Trail length: 4.0 miles round trip
Elevation gain: 1,425 feet
Mount Bachelor: The Workout Peak
Mount Bachelor is the 15th highest peak in Oregon with a summit at 9,065 feet. Though the ski resort’s chairlift operates in summer, hikers can bag this overlooked peak via a well-marked trail that starts at the resort’s West Village Lodge (note: download the trail map from the resort’s website).
The trail skirts across the mountain’s base through a forest of old-growth mountain hemlocks, home to pine martens and the elusive Sierra Nevada red fox.
Geologically, Mount Bachelor is the youngest prominent stratovolcano in the Three Sisters area, formed between 18,000 and 8,000 years ago.
Eventually, the trail leaves the forest and begins an exposed, steady climb up the volcano, passing over and around volcanic rock and loose soil above the timberline, so remember to pause before looking up!
Once on the summit, the 360° views of lakes and peaks in the Cascade Range are incredible.
Trail length: 7.1 miles round trip
Elevation gain: 2,750 feet
Difficulty: Moderate to difficult
South Sister: The Ultimate Ascent
The tallest of the Three Sisters and third highest peak in Oregon (10,358 feet), bagging this massive volcano is a real challenge but well worth the effort.
The South Sisters Climber Trail starts out at Devils Lake, a turquoise-colored shallow body of water along the Cascade Lakes Highway.
The trail starts as a steady uphill through a dense hemlock forest, giving way to a sandy, open plain composed of volcanic ash and pumice.

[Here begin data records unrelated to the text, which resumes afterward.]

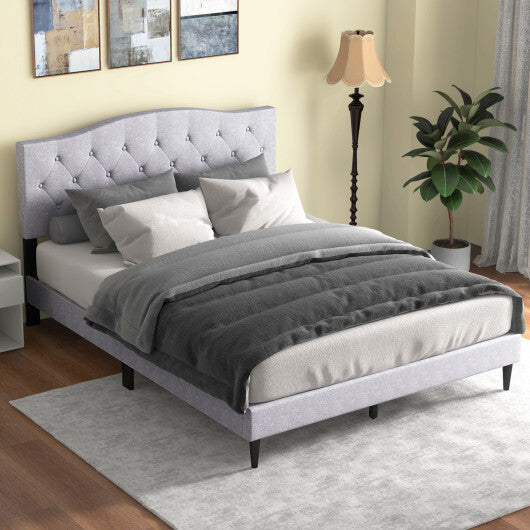 Queen Size Upholstered Platform Bed with Button Tufted Headboard-Queen Size W2B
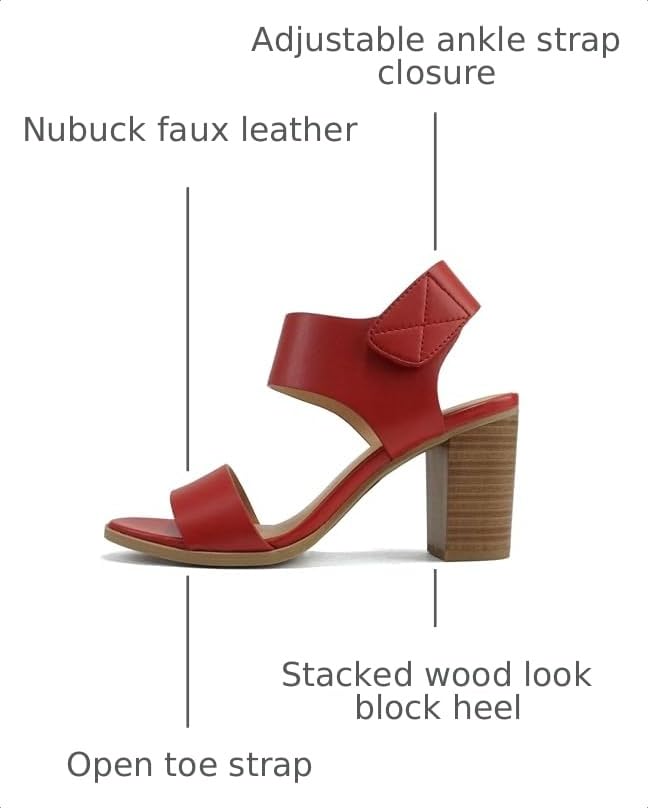 Image of Soda Wait-A ~ Women Open Round Toe Chunky Heel Ankle Strap High Heel Dress Sandals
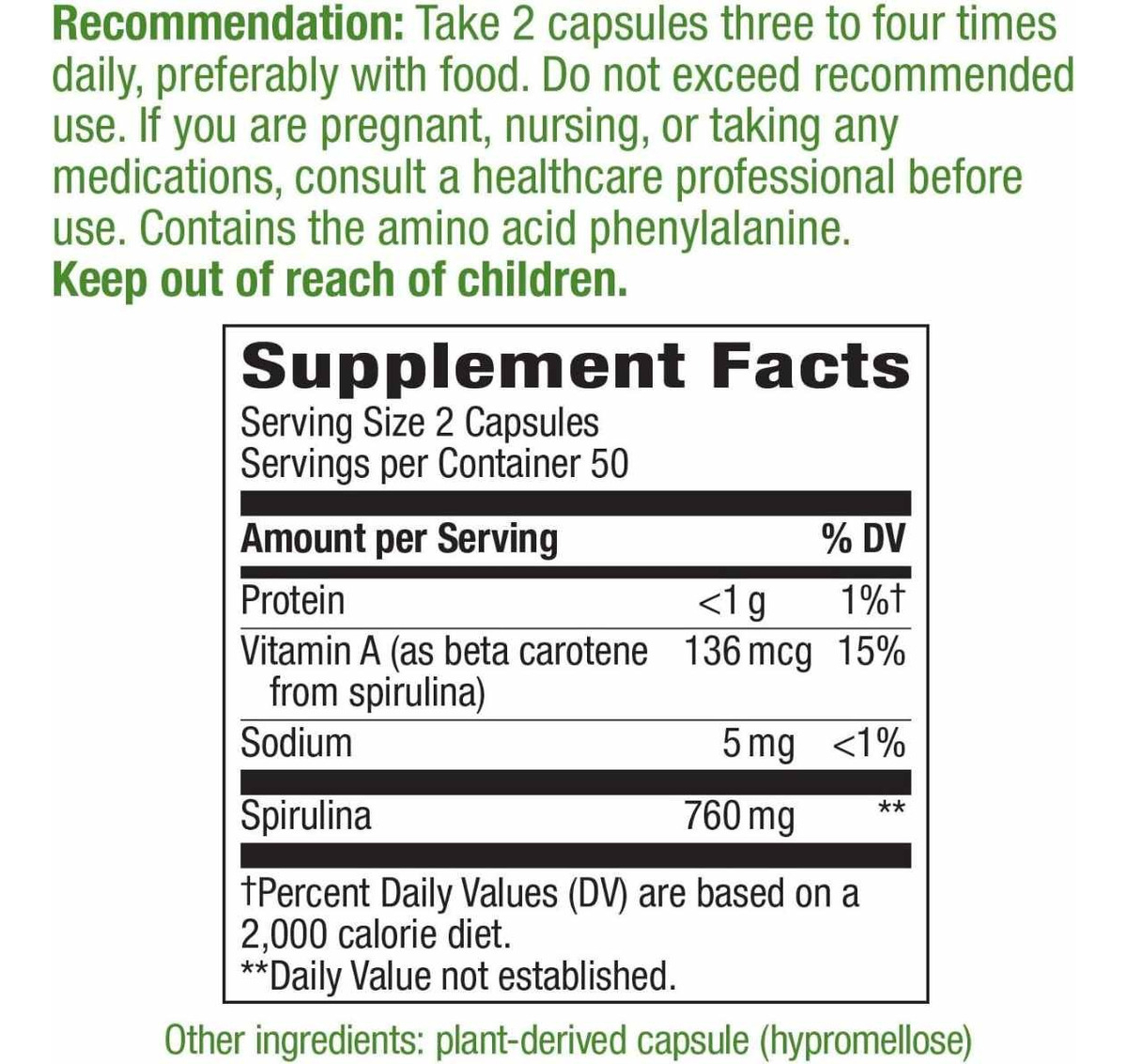 Salud y Equipamiento Médico - Espirulina 100caps Nature's Ways 1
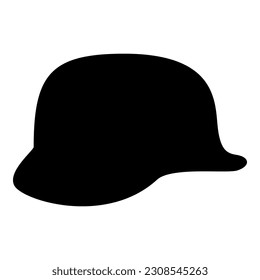 Casco alemán de la Segunda Guerra Mundial 2 stahlhelm ww2 icono color negro ilustración vectorial estilo plano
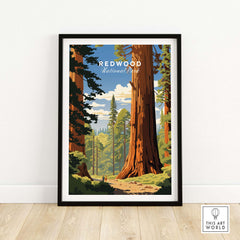 Redwood National Park Poster featuring a scenic view of majestic redwood trees in a vibrant, framed design.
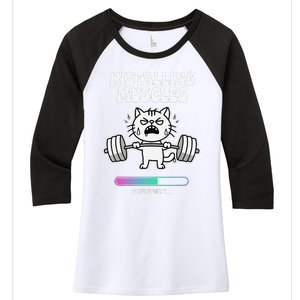 Installing Muscles Please Wait Cat Workout Gym Fitness Women's Tri-Blend 3/4-Sleeve Raglan Shirt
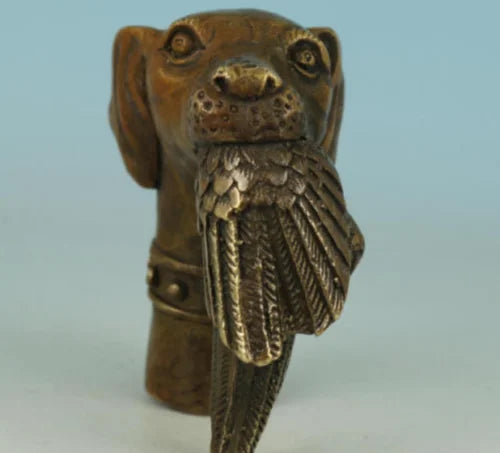 Chinese Old Bronze Hand Carved Dog Bitten Birds Statue Cane Walking Stick Head
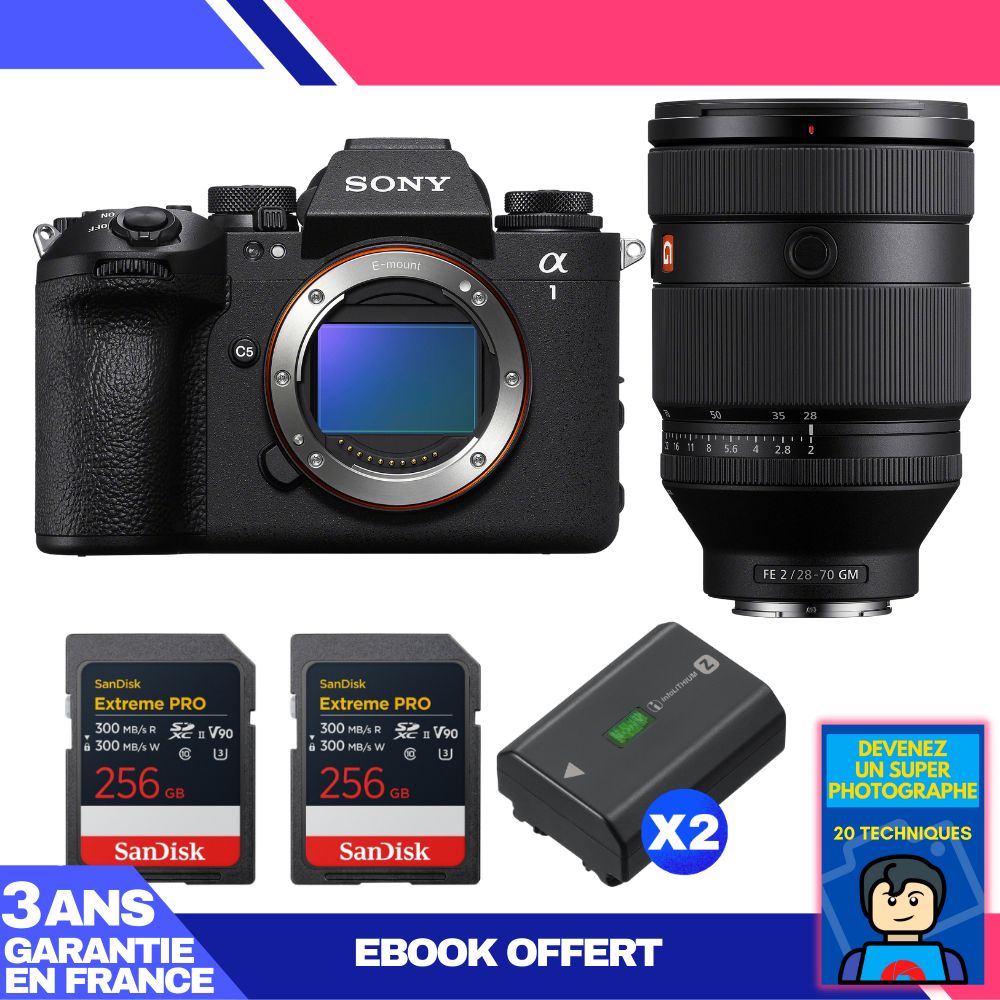 Boitier Sony alpha 1 II + FE 28 70mm f2 GM + 2 SanDisk Extreme PRO UHS II SDXC + 2 Sony NP FZ100 + Ebook 'Devenez Un Super Photographe - vue 3
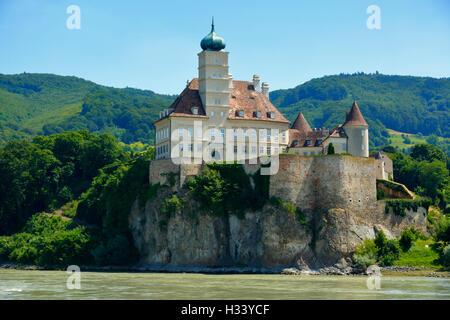 Schloss Schoenbuehel Auf Einem Felsen in Schoenbuehel an der Donau, Schoenbuehel-Aggsbach, Niederoesterreich, Oesterreich Stockfoto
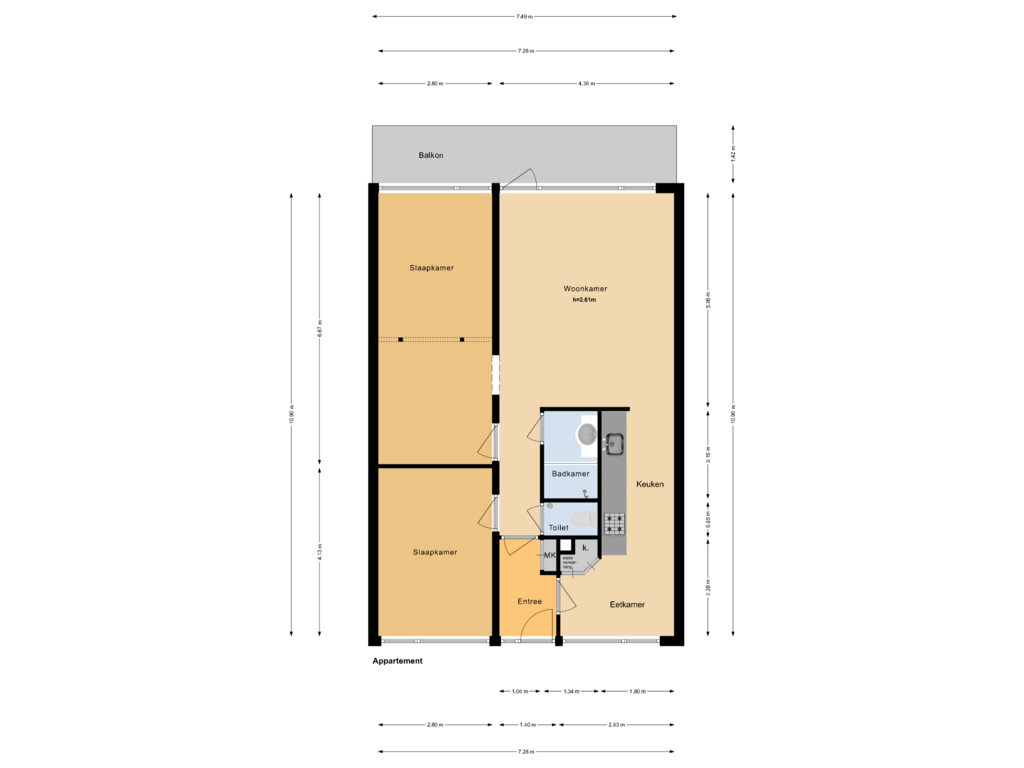 Bekijk plattegrond van Appartement van Kikkenstein 3943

After this section, the trail climbs in earnest and encounters sections with loose cinders and pumice, so careful footing is advised. Plus, multiple trails near the top make it challenging to navigate; pick the “trail most traveled” and aim for the top.
From the peak, hikers are rewarded with exceptional views of the other Sisters, Mount Jefferson and Mount Hood. The summit crater is filled with crystal-blue water—the highest lake in Oregon, called Teardrop Pool. High fives all around to those who reach the summit.